Mapuche, Caryl Férey




- Une partie de truco Blvd ?
- Non merci, trop compliqué ! Je préfère faire le mort jouer au « pont ».
- Allez, quoi !!! Fais un effort.
- Bon d'accord, mais j'enfile mes prothèses avant.


Quinze heures d'audio, ça rince.

« Trop d'événements à la fois »

Les Calderons sont poètes de père en fils. Rubén, pour arrondir ses fins de mois exerce le métier de détective. Son boulot principal : enquêter sur les disparitions d'enfants. Et là justement, il enquête sur la disparition de Maria, une photographe.
Jana (prononcer Yana), elle, est artiste, sculptrice précisément, issue d'une minorité écrabouillée par le rouleau compresseur de l'époque (attention une compression peut en cacher une autre). Elle est à la recherche d'un ami qui ne donne plus signe de vie depuis peu et confirme qu'il a été, lui aussi, en son temps, un enfant.

Après palabres, ça match.

La rencontre des deux êtres promet une belle histoire d'amour. 
Mais comme l'on dit parfois, les histoires d'amour... se méritent ou se paient (au choix) !

Vol de nuit, chute des corps, embrasement des chairs, étirements du temps et des âmes, courses poursuite dans la pampa, enlèvements, embuscades, escarmouches, aller-retour en Uruguay(*), les Andes sont évoquées. Belles et moches rencontres, du sang, des viscères, répandues ici et là, des rebondissements, des amortissements, des explications, des développements, des mauvaises pensées, des traîtres par containers, des qui ne savaient pas que cela pouvait être aussi grave, des qui pensent et d'autres pas. Du traitement de l'information par vagues. Utilisation de la machine à remonter le temps. Un problème père/fils a été détecté. On suspecte également des tensions mère/fille. Fratries désordonnées. De la sexualité débridée, de la prostitution de survie, de la torture. Quoi d'autre ? 
Des gens-es usé-es... 
Mais debout.
Très pastoral, diront certains.

La visite de Buenos Aires se fait principalement de nuit. Beaux et bas-fonds de la ville. 
On fume pas mal, on boit de la quilmès, du pisco sour. Quelques braiseries autour du feu ont été décrites succinctement. Un pas de tango est esquissé. 
Lent, vite, vite, lent. 

Rideau

Les isme retenus : journalisme, syncrétisme, terrorisme, théisme, tolérantisme, tourisme, totémisme, traditionalisme, transformisme, traumatisme, tympanisme, unitarisme, urbanisme, utilitarisme, vandalisme, verbalisme, vitalisme, abolitionnisme, absentéisme, absolutisme, abstentionnisme, achromatisme, activisme, affairisme, altruisme, caporalisme, gongorisme, agnosticisme, agrammatisme, américanisme, anévrisme, angélisme, associationnisme,  chamanisme, amateurisme, amoralisme, anabolisme, anarchisme, anatocisme, animisme, antagonisme,  anabolisme, anthropocentrisme, anthropomorphisme, anticléricalisme, anticolonialisme, anticommunisme, anticonformisme, antifascisme, anti-impérialisme, antimilitariste, antinazisme, antiparlementarisme, antipatriotisme, antiracisme, aphorisme, arrivisme, atavisme, athéisme, atomisme, attentisme, atticisme, automatisme, autoritarisme, aventurisme, babélisme, babouvisme, banditisme, barbiturisme, bellicisme, bolchevisme, campanilisme, capitalisme,  cartésianisme... truisme...

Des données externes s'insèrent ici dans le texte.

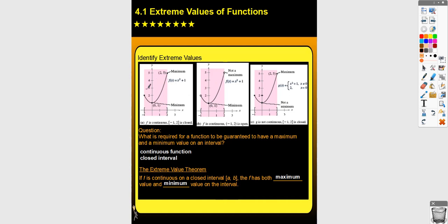Here is a picture example. If you have a continuous function on a closed interval, the minimum would be on the interior and the maximum at an endpoint. If the interval is not closed — not including an endpoint — that endpoint value would not be considered a maximum. If you have a closed interval but the function is not continuous, because there's an open circle where the limit doesn't equal the function value, that point would not be considered a minimum either. To be guaranteed both, you need a continuous function on a closed interval.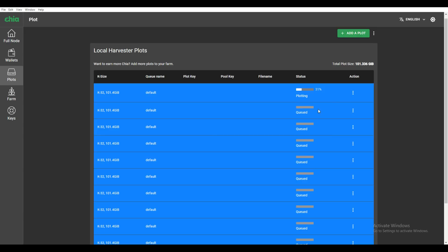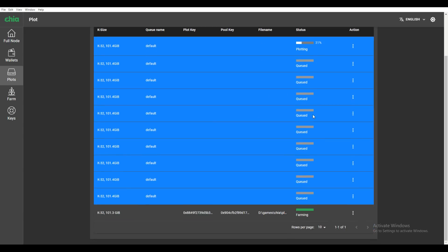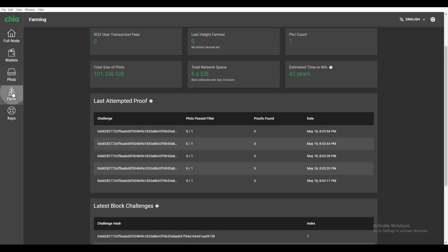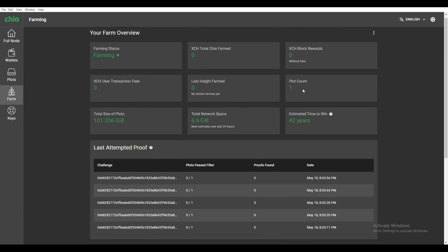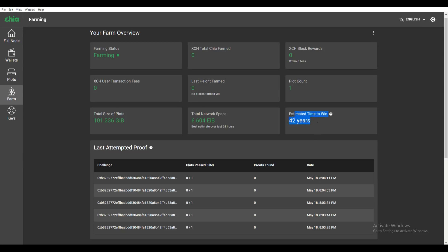All right, so once you get these plots completed, it's going to show like this. This is one of my Chia plots—it's going to be farming. You can check your farm. I have only one active plot, about 101 gigs of data or the size of about 101 gigs, and it's going to take me about 42 years to win—estimated time. That means if I only had this one plot, it'll take me 42 years before I successfully mine a Chia.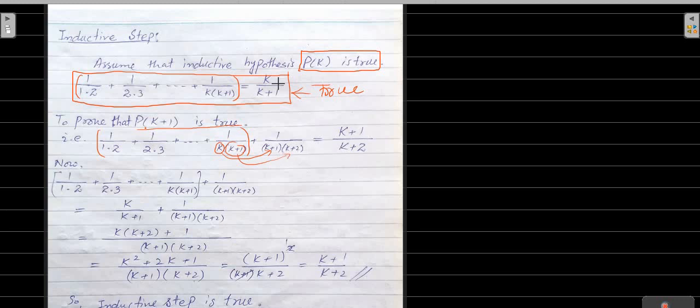The next term is 1 over (k+1)(k+2). The right-hand side becomes k plus 1 divided by k plus 2. We take the LCM — the denominator is (k+1) into (k+2).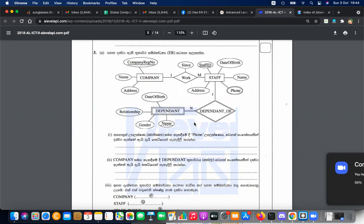Good morning. If you want to talk about it, you will be able to talk about it as a weak entity. If you want to talk about it, you will be able to talk about it as a dependent. If you want to talk about it, you will be able to talk about it as a staff ID.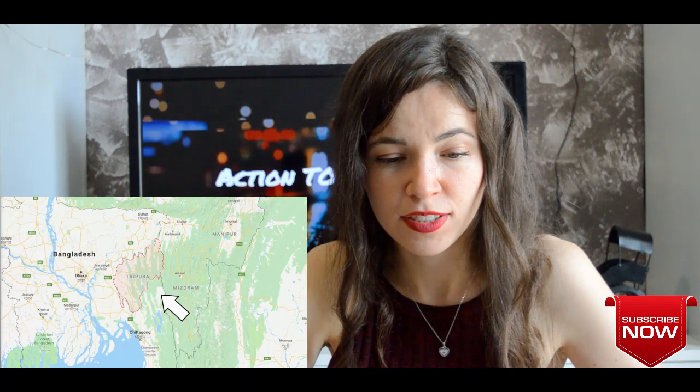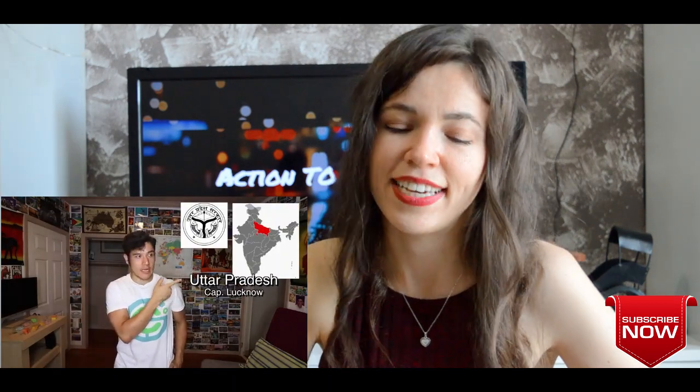Tripura — capital Agartala. I was told: is this even India? It's the state very few people know about. Almost all sides are surrounded by Bangladesh, so no surprise they have a lot of Bangladeshi immigrants. Apparently they like to play horse polo. Out of all the states, they're kind of the biggest anomaly — the mystery state. Uttar Pradesh — capital Lucknow — the Taj Mahal state. There's been a huge population boom and it's now the most populous state.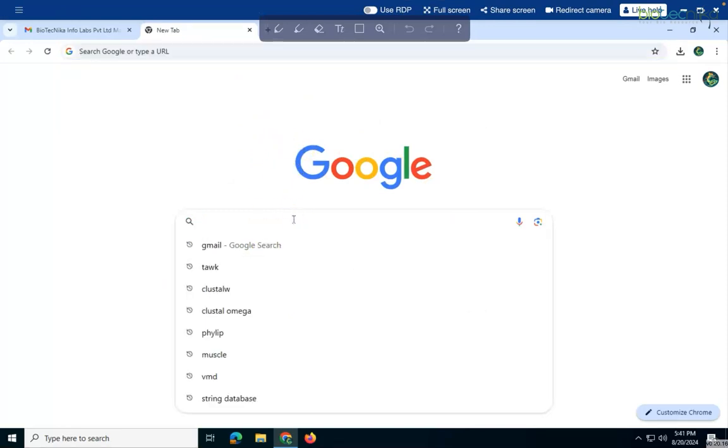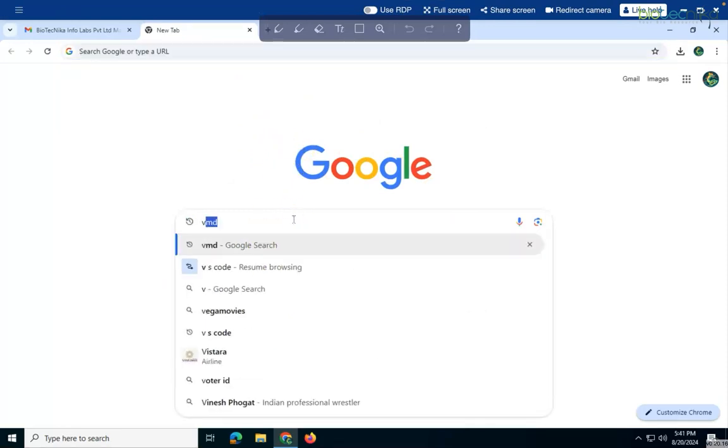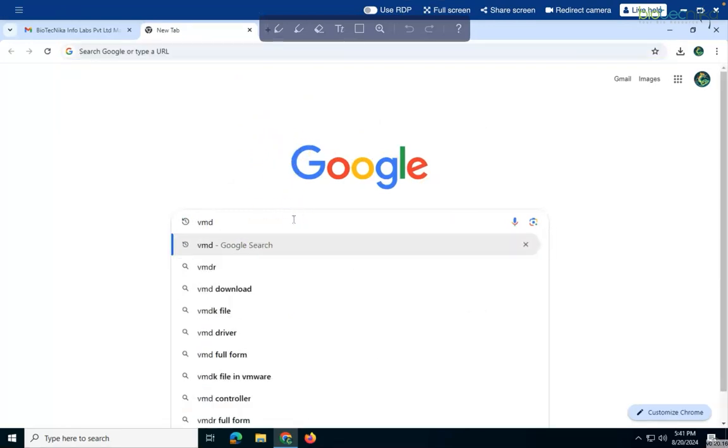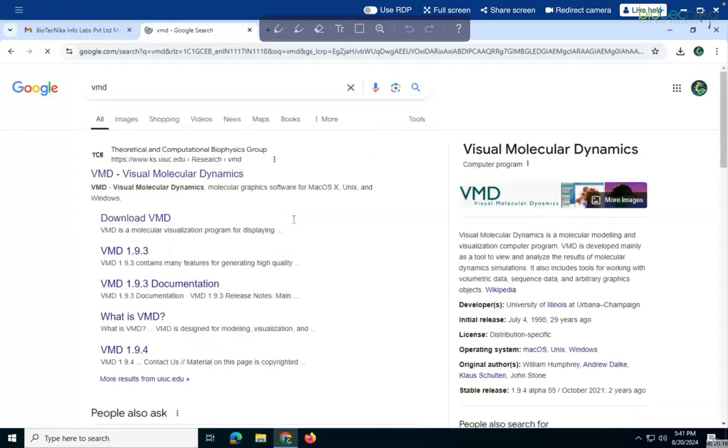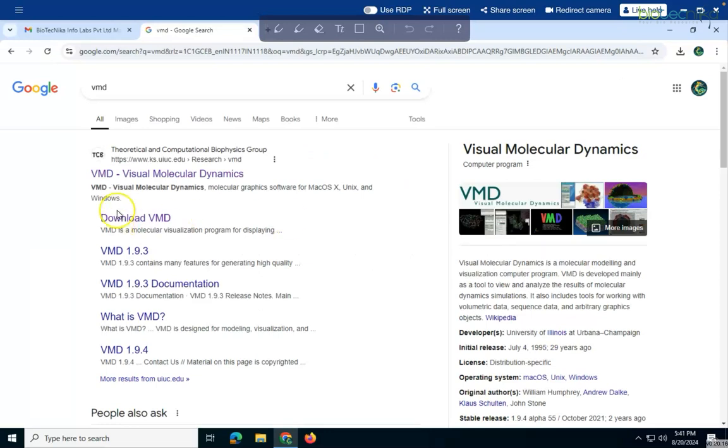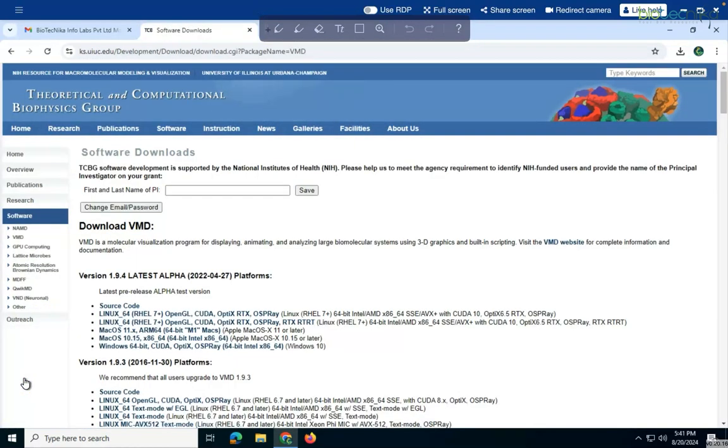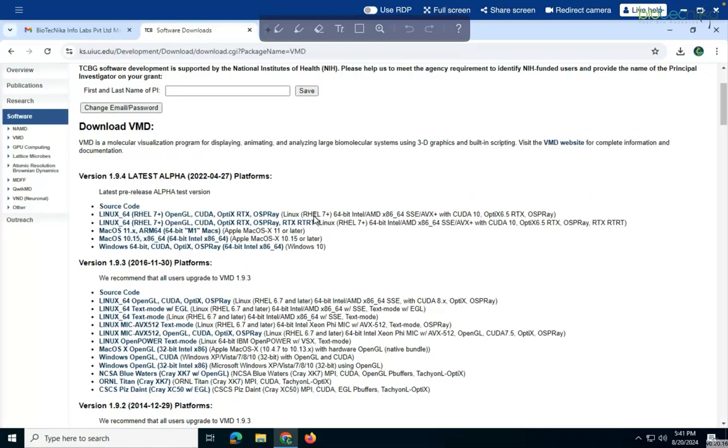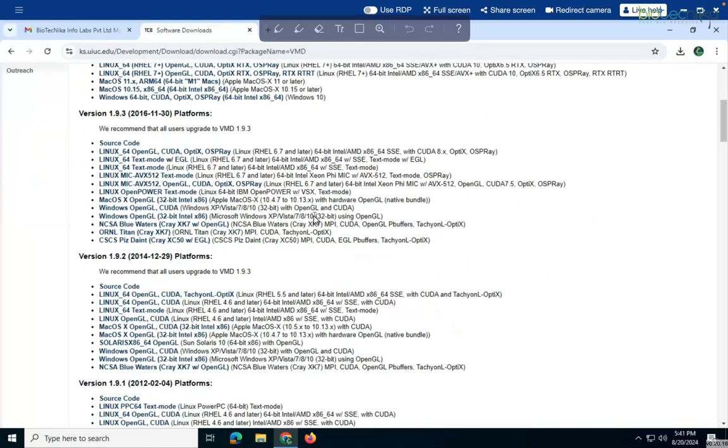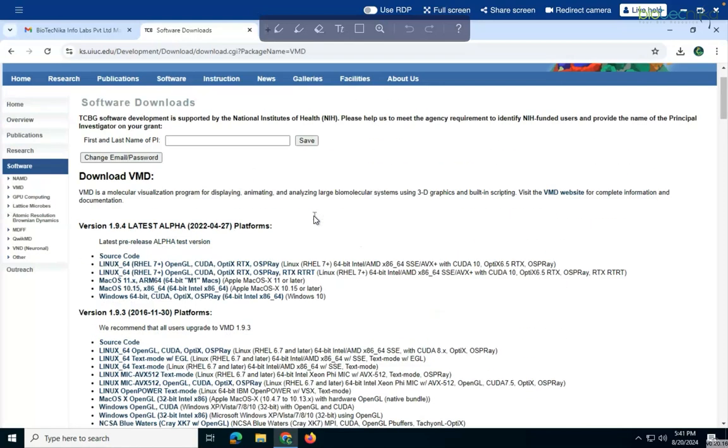So here we will type in VMD. If I search, see Visual Molecular Dynamics. If I go inside this, if I want to download I can go to download VMD. Once I go inside this, then I can choose my options like which particular interface I am having like Linux, Mac or Windows likewise.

En attente de complément d'information : 
blanquisme, alpinisme, anabaptisme, anachronisme analphabétisme, anglicisme, thomiste, aplanétisme, apriorisme, arianisme, aristotélisme, arthritisme, ascétisme, astérismeastigmatisme, asynchronisme, augustinisme, autisme, autonomisme, syndicalisme, beylisme, bonapartisme, boulangisme, carbonarisme, carlisme...

Hors-jeu : tsarisme, ultramontanisme, végétarisme, académisme, aérodynamisme, africanisme, albinisme, alcoolisme, alexandrinisme, anarcho-syndicalisme, anglicanisme, antialcoolisme, antisémitisme, athlétisme, automobilisme, avant-gardisme, baptisme, barbarisme, baroquisme, belgicisme, benzénisme ou benzolisme, béotisme, bicamérisme, bilinguisme, bimétallisme, bipartisme,  botulisme, bouddhisme, brahmanisme, byzantinisme, caféisme, calvinisme, cannibalisme...

Et il ne sont pas tous là. La direction épargne le lecteur des 652 entrées du dictionnaire de l'Ac. Fr. (vers. 9 augm. 8)

La réconciliation des peuples n'est pas pour demain.

On se fait la bise quand même ?
Oui mais une seule alors.

PMTDT

(*) ou Paraguay
Re-écoute en cours

samedi 16 avril 2016

Patagonia tchou tchou, Raul Argemi

- Tu repars déjà ?
- ...
- Et on peut savoir où tu vas ?
- Au bout du monde !
- Lequel ?


Embarquement immédiat dans un petit train (l'ex-?) touristique de la Patagonie. Deux wagons. Un à l'avant et un à l'arrière. Avec espace BBQ et aménagement pour parties fines.
Rien de tel pour se changer les idées.

Une démonstration réussie de la loi de Murphy sous la croix du sud. L'équipe réquisitionnée est plutôt mal préparée aux longs trajets. Encore un problème de recrutement. Les plans sont - et ne resteront que - sur la comète.

On ne va pas vous lire le carnet de bord, et impossible de mettre la main sur la boite noire, mais ce qui est sûr dans ce coin du monde, comme dans tous les autres, c'est que les certitudes ne font que vaciller. 

Un retour aux sources. Une certaine idée du voyage organisé des poches de sang. La route en tant que telle. Une réflexion pointue sur les tenants zé aboutissants. La famille au coeur du débat. Les convives aussi. Les voyageurs également. Imprudents ou non
.
Au programme :  l'évasion de Beto, philosophe malgré lui. La subtilisation doit intervenir quelque part en Patagonie. Déchaînement des éléments.
 Prises d'otages. Naissances contrôlées. Braquage de salaires en primes. Usurpation d'identité. Rapports entre politicants et politiqués. Réalisation des rêves en tous genres. Conduite de loco. Organisation du match de foot de la convivialité et de la fraternité (?). Un froid de canard. Non, ce n'est pas la période de Noël. La remise des cadeaux est reportée. 
 
Pour mieux comprendre (?) : c'est Butch Cassidy qui est à la manoeuvre. Un rejeton du nominé, d'après ses dires. Bairoletto est également de la partie ainsi que Sundance Kid. Pas les vrais bien sûr. La police veille comme d'hab'. Navrée.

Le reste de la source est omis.